• _EXERCISE DETAILS_
In the records that follow, the lines from the one containing "Jeffers Nylon Miniature" to the one containing "Picture 04 - எசேக்கியேல்", inclusive, are to be given again exactly.

Short text fragments from websites
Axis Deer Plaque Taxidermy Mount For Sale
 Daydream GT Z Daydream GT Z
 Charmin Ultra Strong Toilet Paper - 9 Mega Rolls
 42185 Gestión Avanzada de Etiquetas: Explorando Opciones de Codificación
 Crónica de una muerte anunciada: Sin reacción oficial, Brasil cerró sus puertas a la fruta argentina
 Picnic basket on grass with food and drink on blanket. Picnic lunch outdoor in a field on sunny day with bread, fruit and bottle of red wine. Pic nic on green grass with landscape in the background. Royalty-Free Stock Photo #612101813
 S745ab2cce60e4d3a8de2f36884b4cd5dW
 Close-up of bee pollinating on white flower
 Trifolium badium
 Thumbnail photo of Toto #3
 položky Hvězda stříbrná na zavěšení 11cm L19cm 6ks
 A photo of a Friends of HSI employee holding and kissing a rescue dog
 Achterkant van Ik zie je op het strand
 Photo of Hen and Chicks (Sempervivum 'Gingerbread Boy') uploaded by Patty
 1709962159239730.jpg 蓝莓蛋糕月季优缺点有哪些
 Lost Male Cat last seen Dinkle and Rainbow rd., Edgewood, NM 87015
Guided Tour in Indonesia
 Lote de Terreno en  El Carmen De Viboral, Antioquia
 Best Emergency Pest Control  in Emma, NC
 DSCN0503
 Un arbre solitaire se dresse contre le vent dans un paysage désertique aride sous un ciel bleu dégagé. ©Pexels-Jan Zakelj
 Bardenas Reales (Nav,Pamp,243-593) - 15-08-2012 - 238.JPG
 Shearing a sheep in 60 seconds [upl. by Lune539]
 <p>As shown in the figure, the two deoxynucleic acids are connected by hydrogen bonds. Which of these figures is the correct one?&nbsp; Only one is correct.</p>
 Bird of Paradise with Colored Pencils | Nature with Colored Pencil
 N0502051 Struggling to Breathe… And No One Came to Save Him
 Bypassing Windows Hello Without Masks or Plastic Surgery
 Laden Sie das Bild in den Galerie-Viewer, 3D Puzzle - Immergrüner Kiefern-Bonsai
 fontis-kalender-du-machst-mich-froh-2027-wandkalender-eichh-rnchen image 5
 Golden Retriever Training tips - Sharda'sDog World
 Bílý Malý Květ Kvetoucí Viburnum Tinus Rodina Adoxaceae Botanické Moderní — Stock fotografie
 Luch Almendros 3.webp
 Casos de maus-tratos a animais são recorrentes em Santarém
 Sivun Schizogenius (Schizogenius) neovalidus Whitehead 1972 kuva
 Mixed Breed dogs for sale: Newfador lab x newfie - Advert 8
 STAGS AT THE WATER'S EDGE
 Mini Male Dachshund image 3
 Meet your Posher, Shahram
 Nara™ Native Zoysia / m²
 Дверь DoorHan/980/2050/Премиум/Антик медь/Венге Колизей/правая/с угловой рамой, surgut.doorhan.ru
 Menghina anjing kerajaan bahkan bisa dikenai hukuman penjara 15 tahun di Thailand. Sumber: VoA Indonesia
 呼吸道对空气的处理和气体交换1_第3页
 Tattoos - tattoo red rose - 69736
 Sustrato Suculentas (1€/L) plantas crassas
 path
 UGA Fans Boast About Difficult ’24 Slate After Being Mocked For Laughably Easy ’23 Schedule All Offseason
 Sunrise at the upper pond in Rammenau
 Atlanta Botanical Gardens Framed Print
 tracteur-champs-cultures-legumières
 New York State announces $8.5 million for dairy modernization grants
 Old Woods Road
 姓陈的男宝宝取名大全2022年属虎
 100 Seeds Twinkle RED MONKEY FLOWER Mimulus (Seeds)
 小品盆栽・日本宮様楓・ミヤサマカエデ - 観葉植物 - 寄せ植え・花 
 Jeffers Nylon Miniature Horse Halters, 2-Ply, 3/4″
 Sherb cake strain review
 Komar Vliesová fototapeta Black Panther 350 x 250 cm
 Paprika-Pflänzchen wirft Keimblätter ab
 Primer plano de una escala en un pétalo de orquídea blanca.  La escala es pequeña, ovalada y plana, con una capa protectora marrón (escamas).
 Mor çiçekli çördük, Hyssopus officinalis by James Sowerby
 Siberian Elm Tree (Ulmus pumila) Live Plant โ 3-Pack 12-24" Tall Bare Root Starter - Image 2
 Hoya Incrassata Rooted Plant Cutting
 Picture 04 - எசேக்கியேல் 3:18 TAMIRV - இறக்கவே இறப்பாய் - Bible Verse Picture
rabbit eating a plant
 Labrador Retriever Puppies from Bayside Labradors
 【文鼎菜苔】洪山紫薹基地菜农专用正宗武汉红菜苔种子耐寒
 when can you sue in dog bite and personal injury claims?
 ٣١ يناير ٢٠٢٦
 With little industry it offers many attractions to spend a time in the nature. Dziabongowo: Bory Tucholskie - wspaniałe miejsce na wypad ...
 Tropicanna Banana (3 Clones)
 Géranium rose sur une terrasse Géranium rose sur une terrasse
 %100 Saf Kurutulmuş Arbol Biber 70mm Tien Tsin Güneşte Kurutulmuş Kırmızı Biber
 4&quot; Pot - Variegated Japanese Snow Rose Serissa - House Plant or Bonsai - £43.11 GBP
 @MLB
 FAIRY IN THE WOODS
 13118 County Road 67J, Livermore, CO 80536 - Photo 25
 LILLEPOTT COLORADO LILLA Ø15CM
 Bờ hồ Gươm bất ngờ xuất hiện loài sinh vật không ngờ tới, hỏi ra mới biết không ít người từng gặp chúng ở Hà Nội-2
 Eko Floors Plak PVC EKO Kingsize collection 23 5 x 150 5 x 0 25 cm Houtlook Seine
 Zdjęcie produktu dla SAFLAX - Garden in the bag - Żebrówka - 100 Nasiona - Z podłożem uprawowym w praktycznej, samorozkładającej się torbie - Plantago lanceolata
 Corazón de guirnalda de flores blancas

• _RESULT FOR THIS EXERCISE_
 Jeffers Nylon Miniature Horse Halters, 2-Ply, 3/4″
 Sherb cake strain review
 Komar Vliesová fototapeta Black Panther 350 x 250 cm
 Paprika-Pflänzchen wirft Keimblätter ab
 Primer plano de una escala en un pétalo de orquídea blanca.  La escala es pequeña, ovalada y plana, con una capa protectora marrón (escamas).
 Mor çiçekli çördük, Hyssopus officinalis by James Sowerby
 Siberian Elm Tree (Ulmus pumila) Live Plant โ 3-Pack 12-24" Tall Bare Root Starter - Image 2
 Hoya Incrassata Rooted Plant Cutting
 Picture 04 - எசேக்கியேல் 3:18 TAMIRV - இறக்கவே இறப்பாய் - Bible Verse Picture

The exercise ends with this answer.